Section: New Results
Keywords : Knowledge Acquisition, Knowledge Engineering, Knowledge Management, Corporate Memory, Knowledge Server, Semantic Web, Semantic Web Server, XML, RDF, OWL, Conceptual Graph, Ontology, Information Retrieval.
Information Retrieval in a Corporate Semantic Web
We study the problems involved in the dissemination of knowledge through a knowledge server via Intranet or Internet: we consider the Web, and in particular the semantic Web, as a privileged means for the assistance to management of knowledge distributed within a firm or between firms. A knowledge server allows the search for information in a heterogeneous corporate memory, this research being intelligently guided by knowledge models or ontologies. It also allows the proactive dissemination of information by intelligent agents. We look further into the case of a memory materialized in the form of a corporate semantic Web, i.e. in the form of resources (such as documents) semantically annotated by RDF statements relating to an ontology.
Corese Semantic Search Engine and its Semantic Web Server
Keywords : Knowledge Acquisition, Knowledge Engineering, Knowledge Management, Corporate Memory, Knowledge Server, Semantic Web, XML, RDF, Conceptual Graph, Ontology, Information Retrieval.
Corese Query Language & SPARQL
Participant : Olivier Corby.
This year has been dedicated to upgrade Corese Query Language interpreter and to integrate SPARQL W3C Query Language.
We redesigned Corese interpreter in order to simplify it, to make it more uniform and more general. We extended Corese projection algorithm to n-ary relations in order to process source statement and property variable. The source statement enables to query the source (the document) where RDF triples come from. The source is denoted by a variable that can be part of the query such as variable ?src in :
?person c:hasCreated ?src
source ?src (?document c:date ?date)
filter (?date <= "2005-01-01"^^xsd:date)
Corese now processes all SPARQL (http://www.w3.org/TR/rdf-sparql-query )filter expressions such as Boolean expressions, function call, negation as failure, etc.

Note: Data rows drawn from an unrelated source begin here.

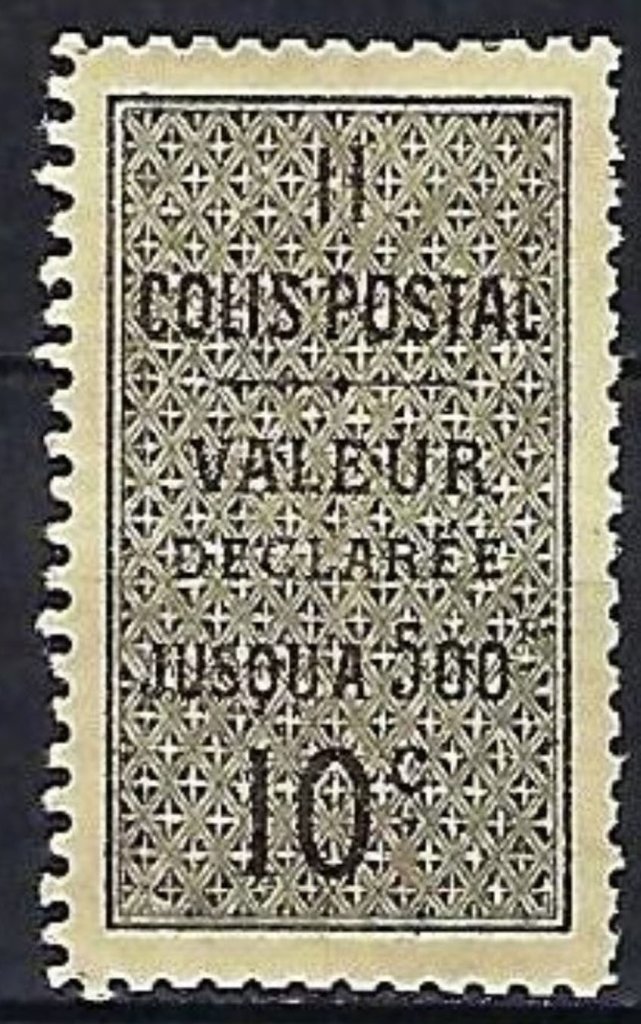 Valeur Declaree Type I - Yellowish Paper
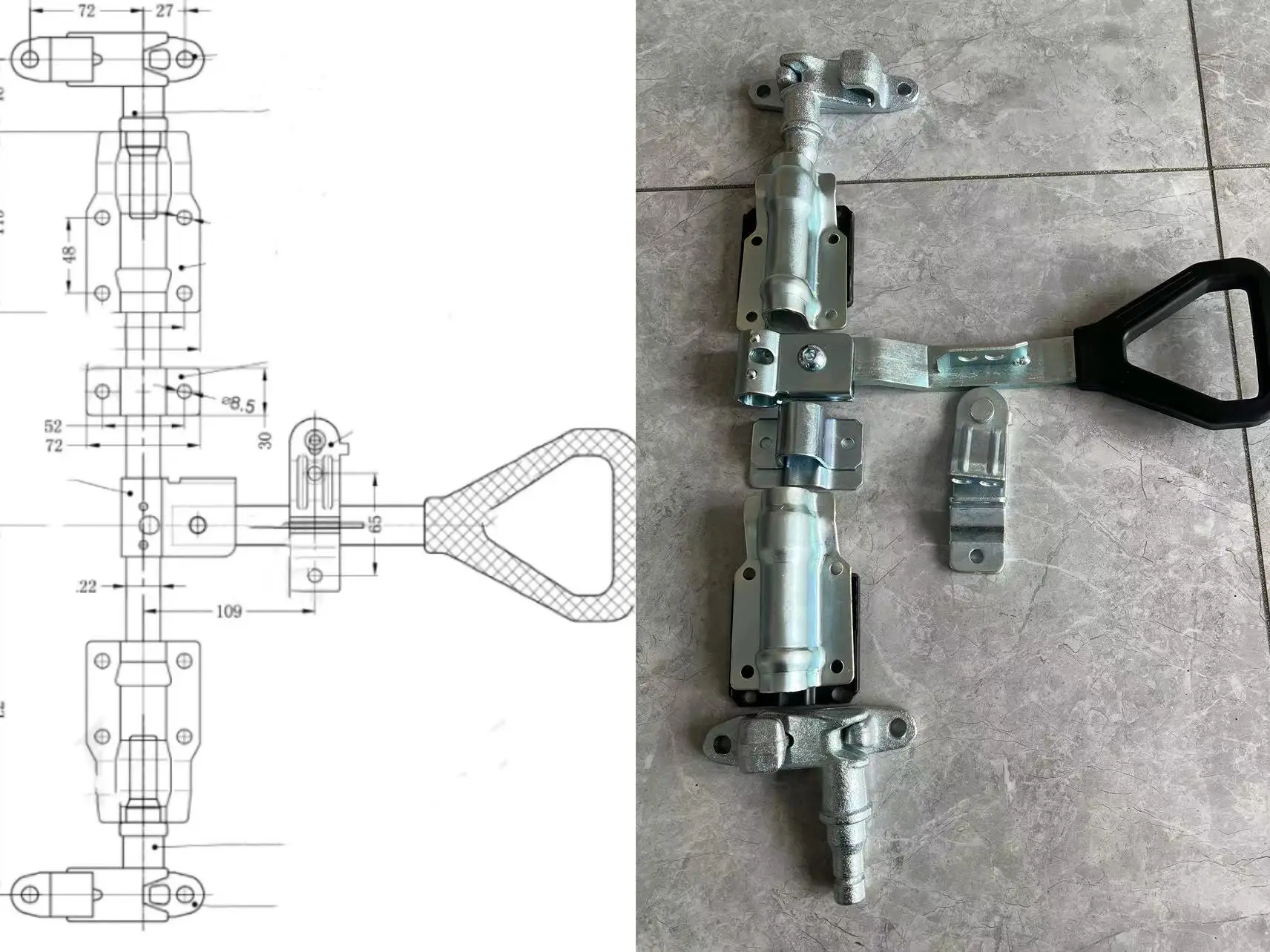 Truck Container Truck Container Door Lock,Steel/stainless Truck Body ...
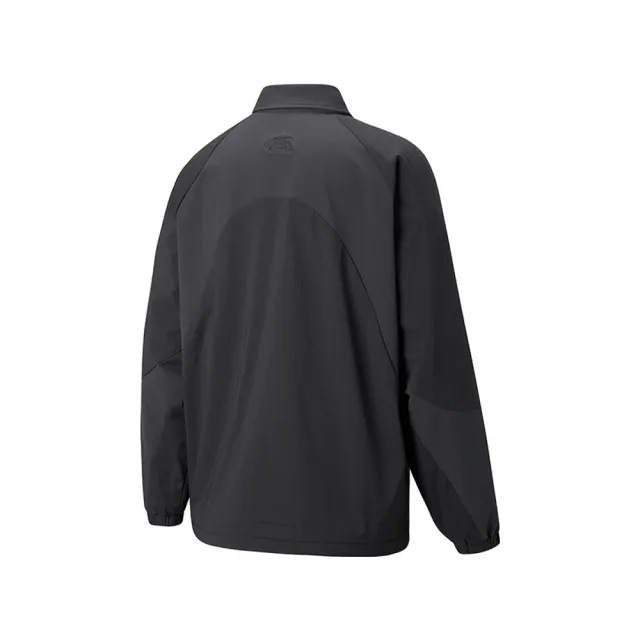 【The North Face】北面UE男款黑色UPF50防曬可翻立領夾克｜8HWRJK3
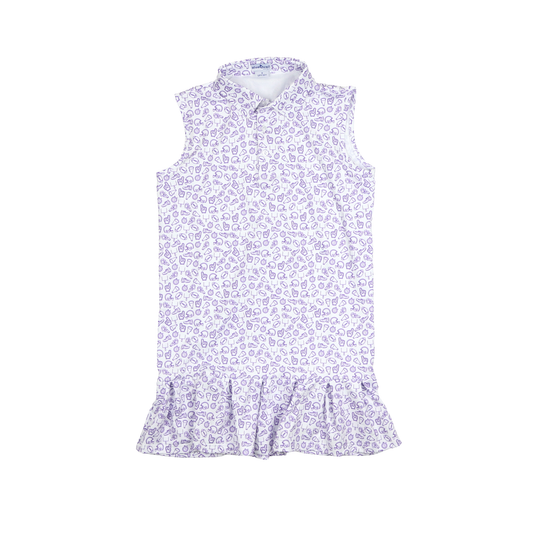 Kickoff Purple Polo Sleeveless Dress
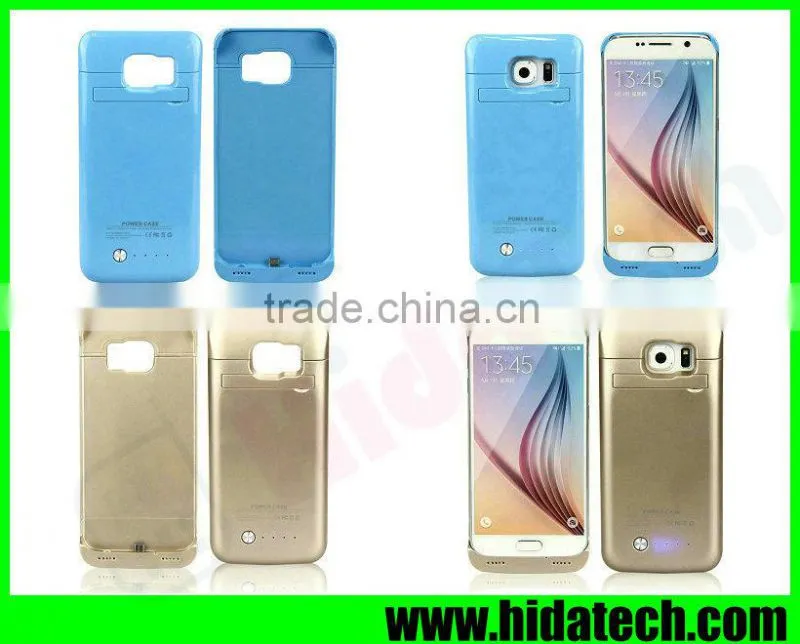 4200mah Colorful Battery Charger Case for Samsung Galaxy S6 Battery Pack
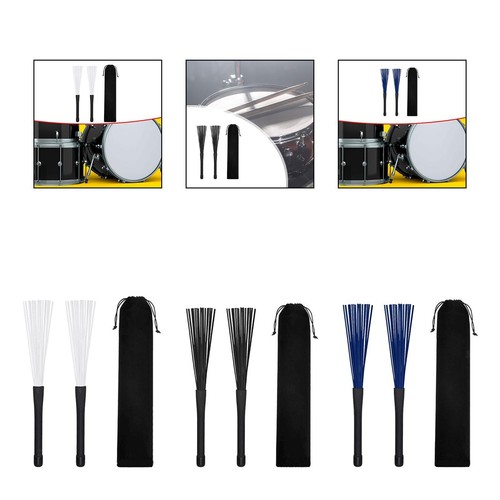Drum brushes retractable nylon - brushes,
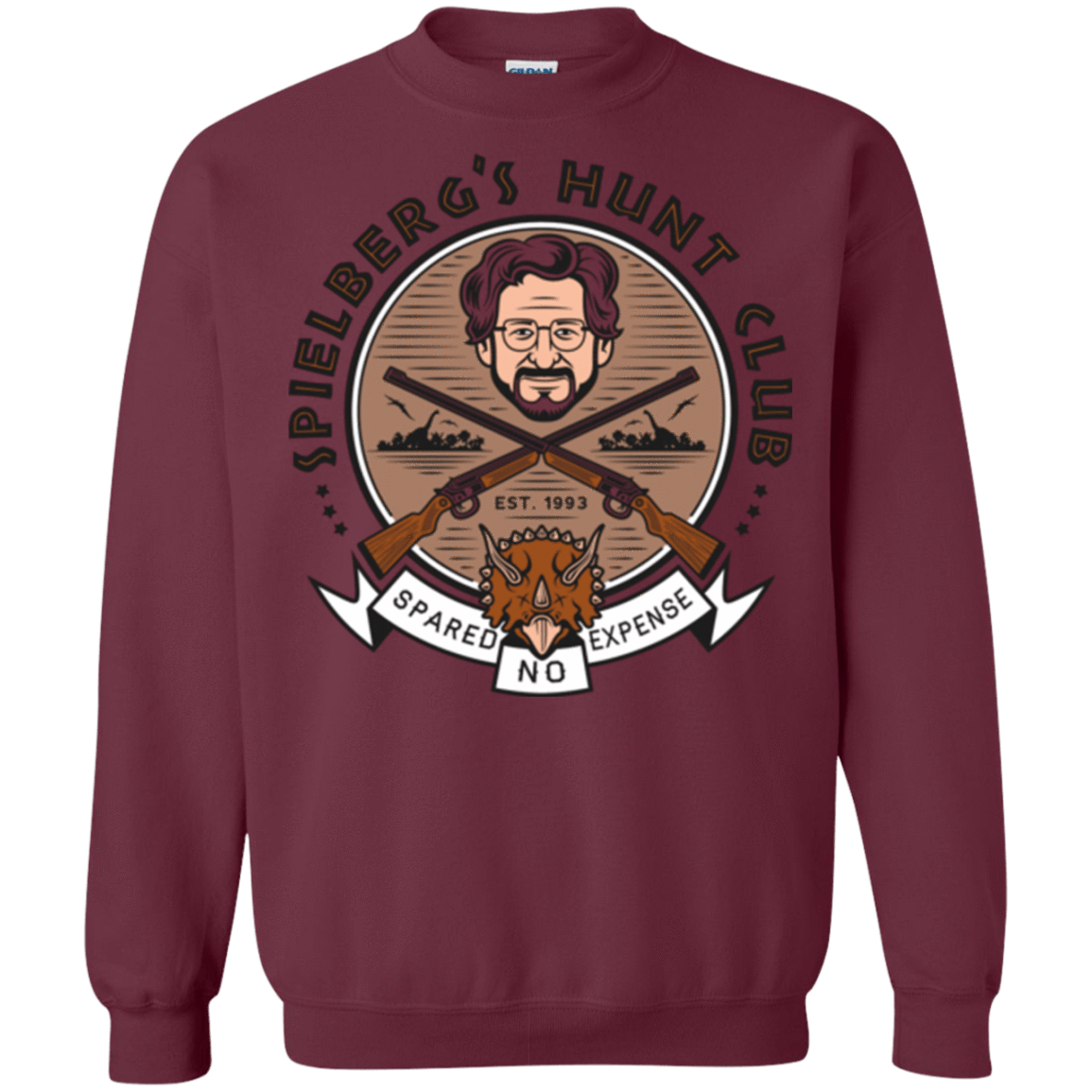 Sweatshirts Maroon / Small Triceratops Hunt Club Crewneck Sweatshirt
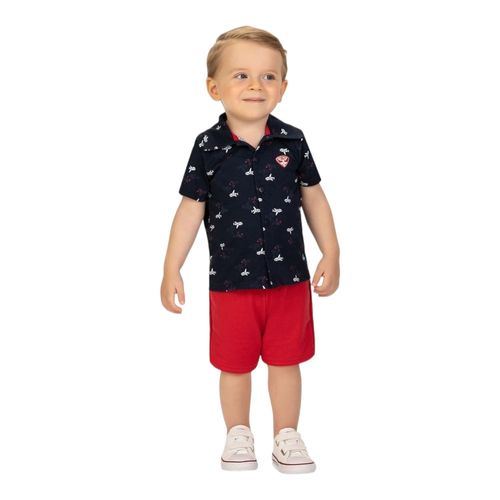 Conjunto de 2 piezas multicolor con estampado para niño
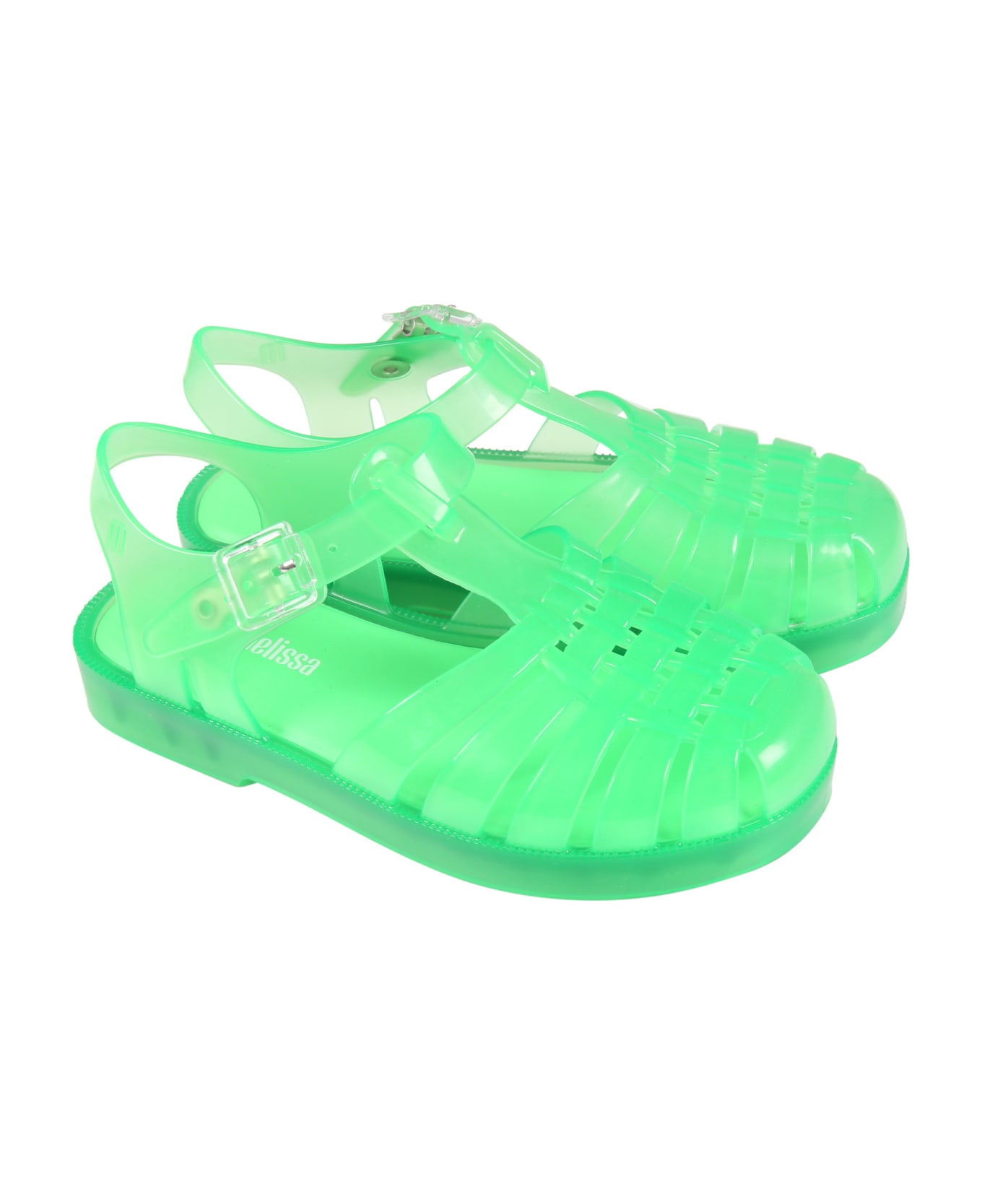 Melissa Green Sandals For Kids - Green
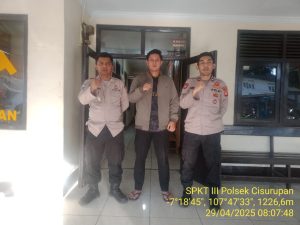 Kegiatan Anggota Polsek Cisurupan Melaksanakan Sispam Mako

We upgraded the graph projection algorithm with optional graph patterns. An optional graph pattern enables to return a result if it is found and does not fail if no target pattern is found. We designed an extension of the Conceptual Graph projection algorithm that authorizes optional query relations in a query graph.
We also implemented SPARQL Query Results XML Format (http://www.w3.org/TR/rdf-sparql-XMLres )that enables to deliver the variable bindings in an XML format.
Participant : Olivier Corby.
We leveraged Corese GUI Factory in order to be compatible with SPARQL. We can now build HTML forms that enable us to customize predefined SPARQL queries. The values selected in the form are used to customize variable parts of the query. We have designed a syntactic convention that is compatible with SPARQL syntax by using a specific namespace to declare variable parts that must be retrieved from the GUI. The target query can now be saved and reloaded. The GUI factory has been validated in several applications and projects (EADS, KmP, QBLS).
The Acacia team received a grant from Inria to hire an engineer to participate in the development of Corese (starting in October 2005). The engineer will start by completing the implementation of the SPARQL query language in Corese.
A new release of Corese and a new download site have been designed (http://www.inria.fr/acacia/soft/corese ).
Keywords : ontologies, semantic distance, approximate search, Multi agent system, Corporate memory, semantic web, web mining, ontology, semantic annotations, technological watch, technological monitoring.
Pursuing the industrialization of our research results on Semantic Web Server, we developed Sewese, the second version of Corese Semantic Web Server (optimized and modularized architecture) and we are testing it in the context of a contract with Philips aimed at building a pilot product for the future start-up eCore.
Semantic Distances and Clustering
Keywords : ontologies, semantic distance, approximate search.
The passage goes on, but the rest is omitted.